The raven is bringing the baloney to feed a man who has spent years hiding in the Bronx's Yorkchester Cemetery - and talking with the spirits of the recently dead. And it's a delight to reread this gem 50 years later. And, of course, meeting Beagle meant that I sort of blithered about how much I'd enjoyed it in the past and was looking forward to savoring it again - end of conversation. (I often pontificate about how to best speak with people whose work one admires. Surely, I say, you have a question if you're a fan of that work. Ask the question, I say. Except when I meet such a person in unexpected circumstances, at which point I gabble about being a fan and loving the work - to which the only response is usually, "Thank you," end of dialogue. So it has gone with Joss Whedon, Jim Dale, and so many others. And now Peter S. Beagle. Sigh.)

On the other hand, also at the table was Freff, and it was all "Let the chit-chat commence!" First, for those who have come along later, let me say that Freff may be best known in comics circles for his work with Phil Foglio on the delicious but sadly short-lived D'Arc Tangent in 1982. Given that several years have gone by, what's with Freff now? And, for that matter, what's with the name "Freff"? What sort of weird acronym is that? Well, it's not an acronym; it's actually his middle name. He's Connor Freff Cochran, and one of the things he's doing is helping people today get more of the work of Peter S. Beagle. While A Fine and Private Place is the first novel of Beagle's that I'd read, the author is probably best known for The Last Unicorn (1968) - so do note the image on Freff's T-shirt.
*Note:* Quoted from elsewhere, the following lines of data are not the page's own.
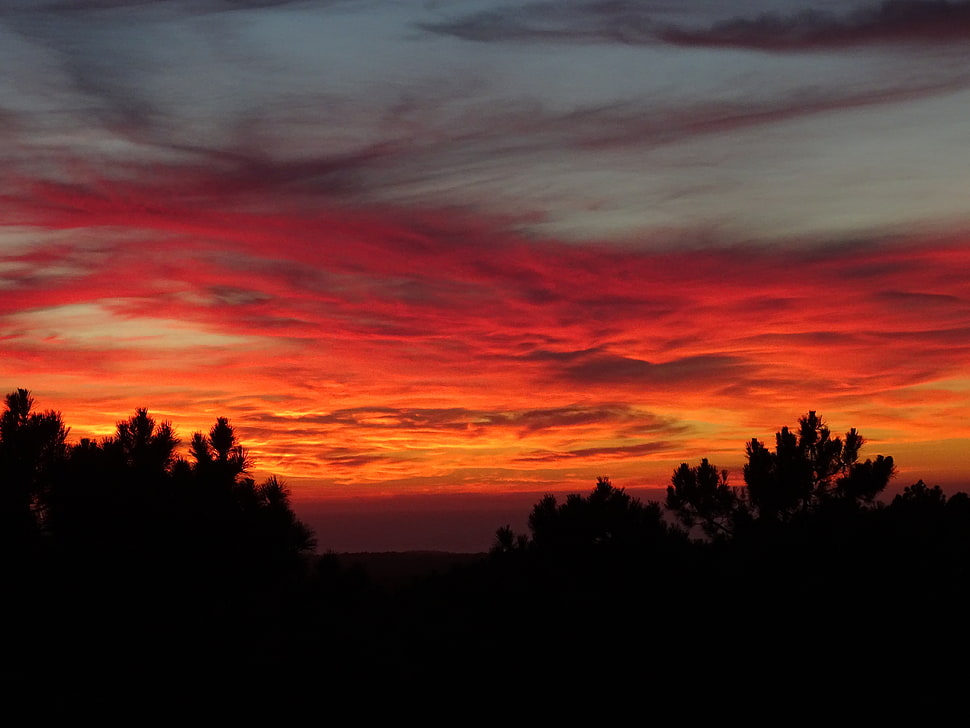 silhouette of trees, Sunset, Trees, Sky HD wallpaper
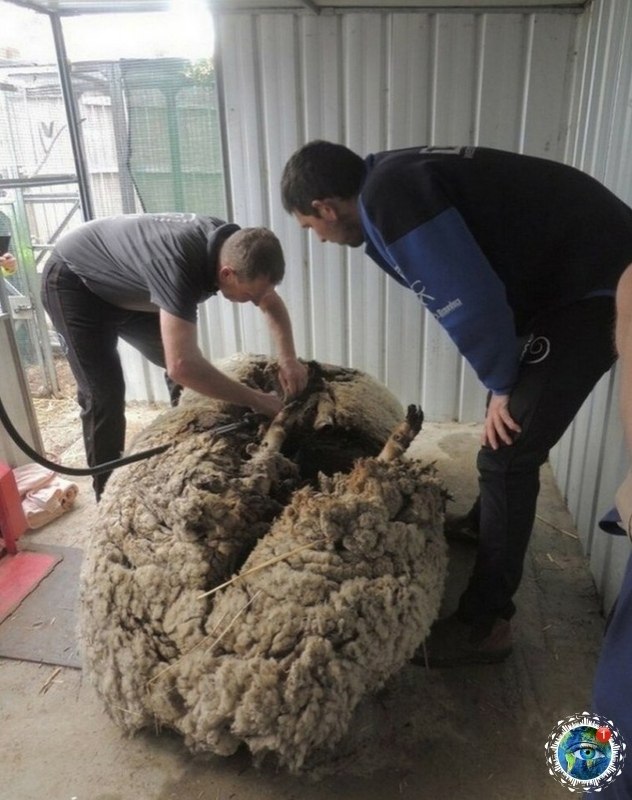 o o e, ec e cp o ecoo e. a aa oepac  cpa  ae o e ... - 4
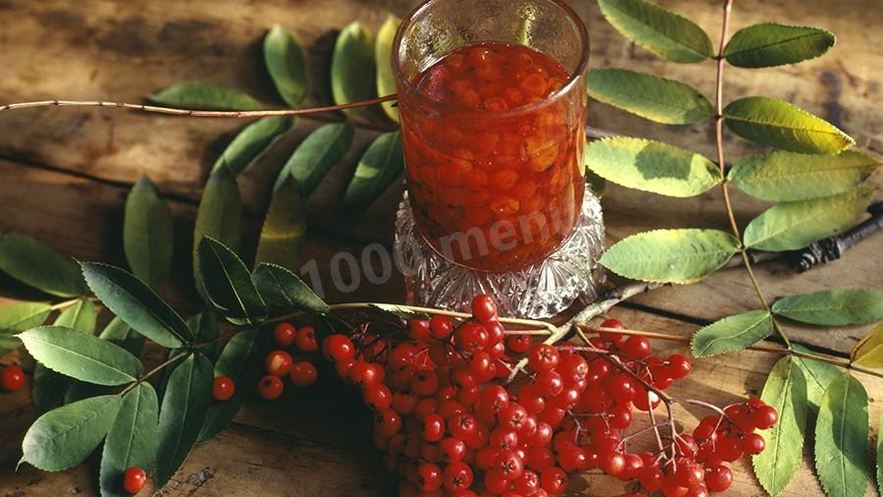 Рецепт настойки из красной рябины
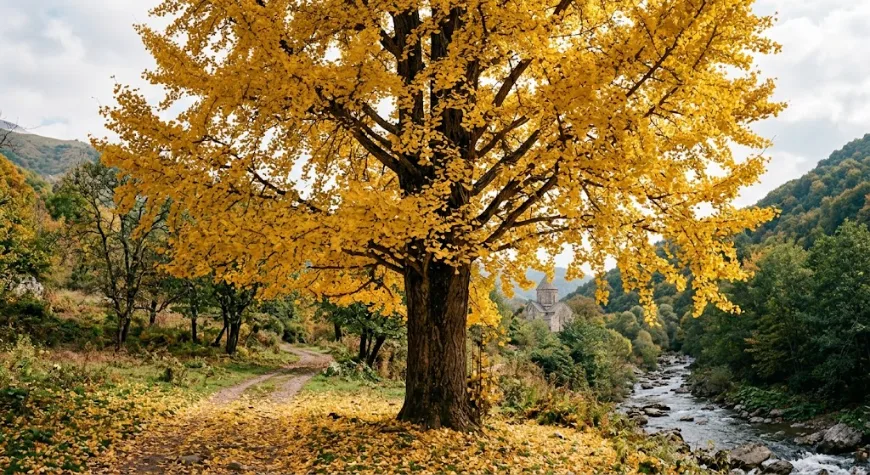 Երկբլթակ գինկգո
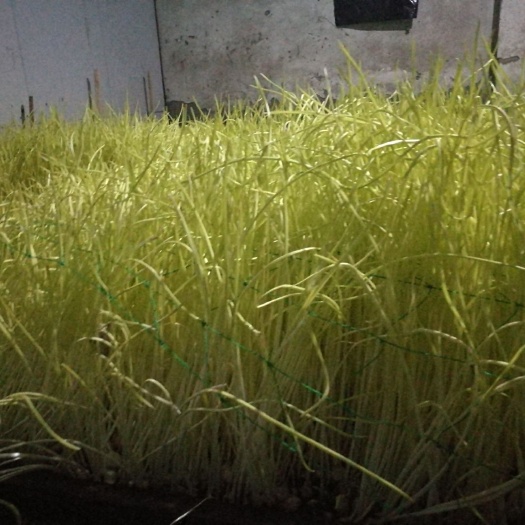 蒜黄 45 - 50cm
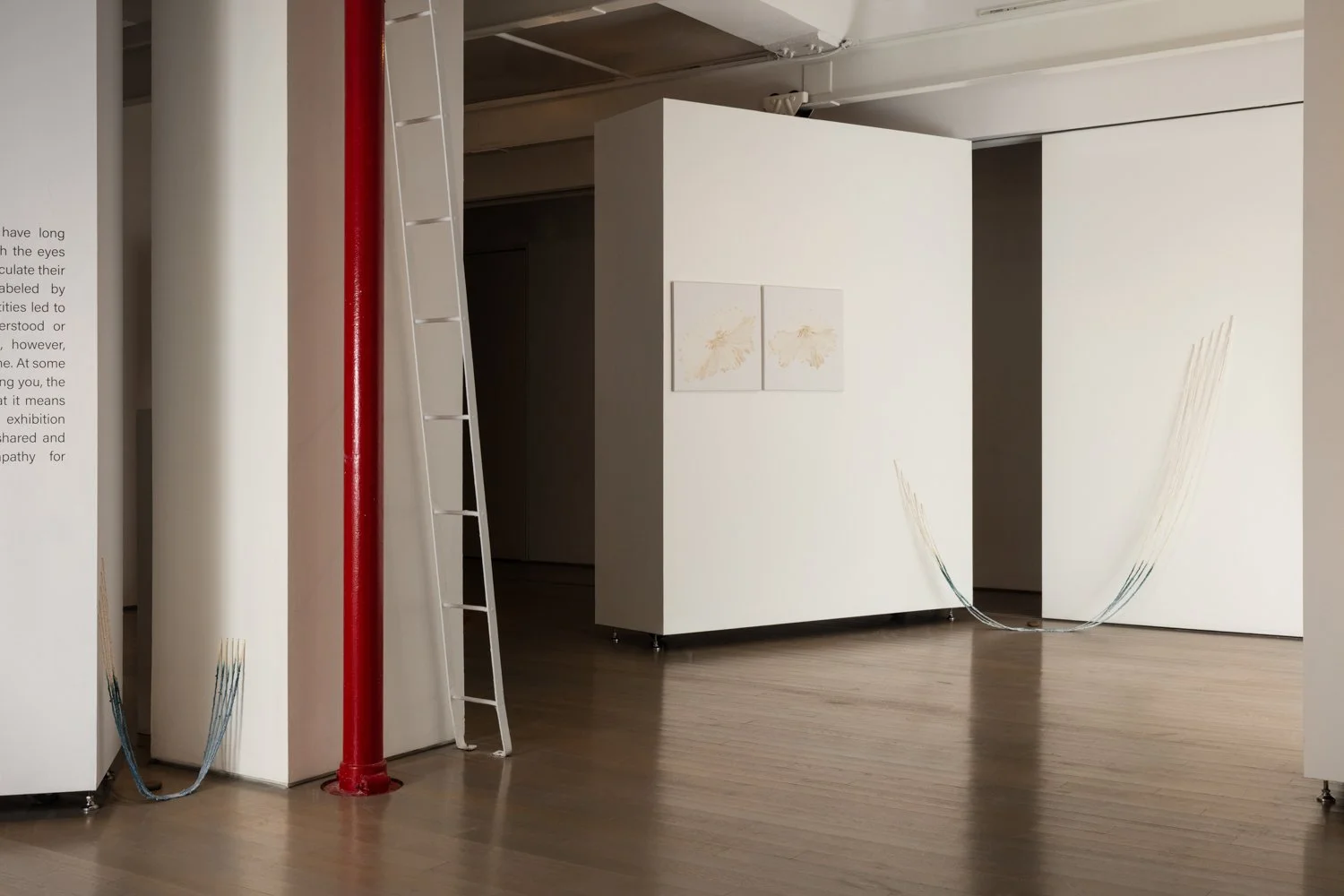 Installation view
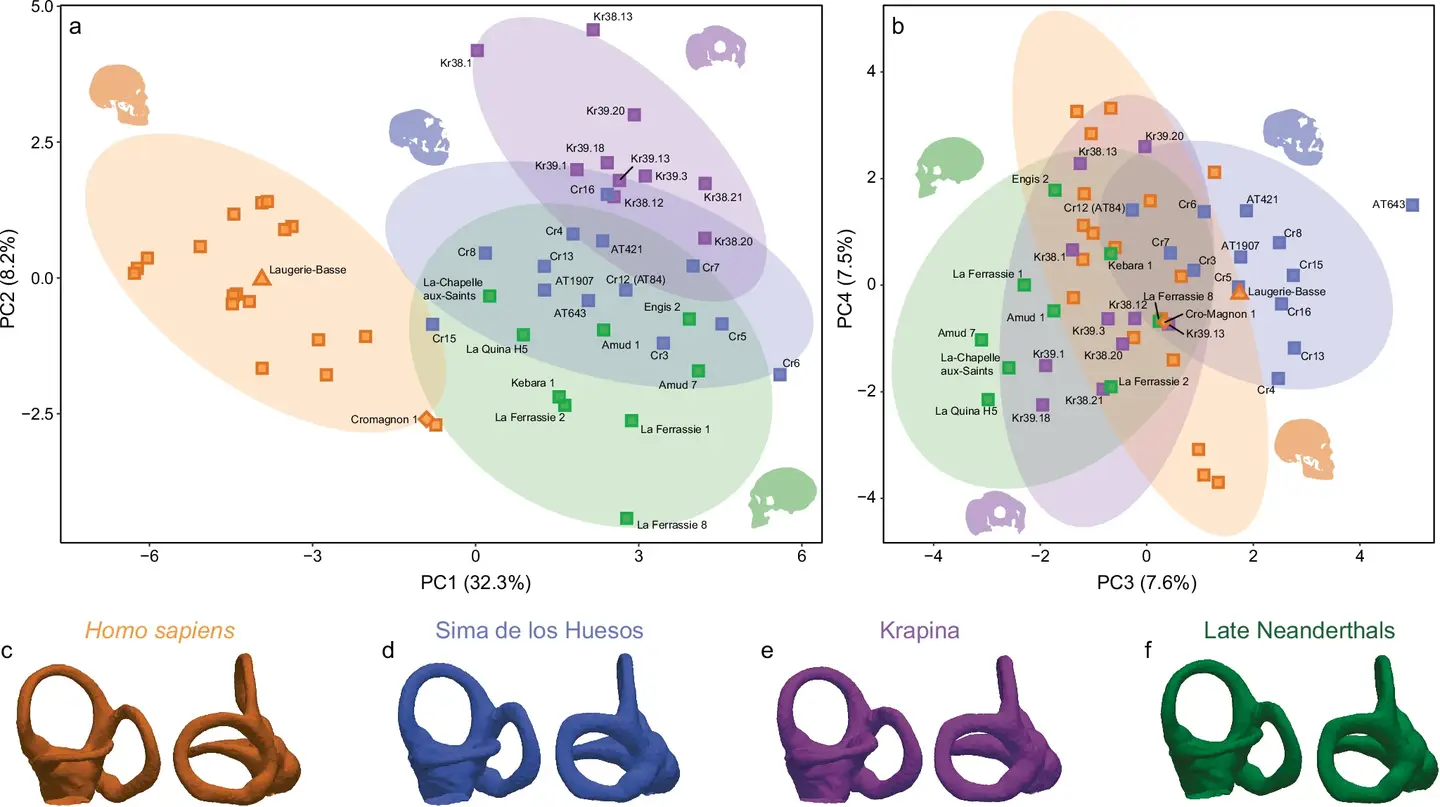 Bivariate scatterplots of a principal component analysis on deformation-fields obtained from diffeomorphometric analysis of semicircular canals.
Among other projects (and I bought, not only the 2007 edition of A Fine and Private Place to savor it anew, but also The Unicorn Sonata [1996], The Rhinoceros Who Quoted Nietzsche [1997], The Line Between [2006], and We Never Talk about My Brother [2009], not to mention the Beagle-edited The Secret History of Fantasy [2010]), Freff told me about "the 52-50 project." And I'll tell you more about that another day, if the creek don't rise and the bunny rabbits don't eat all the celery.

1 comments:

Kurt Busiek September 6, 2010 at 3:24 PM  

You're in for a treat, Maggie. Those short story collections are especially full of great, great stuff.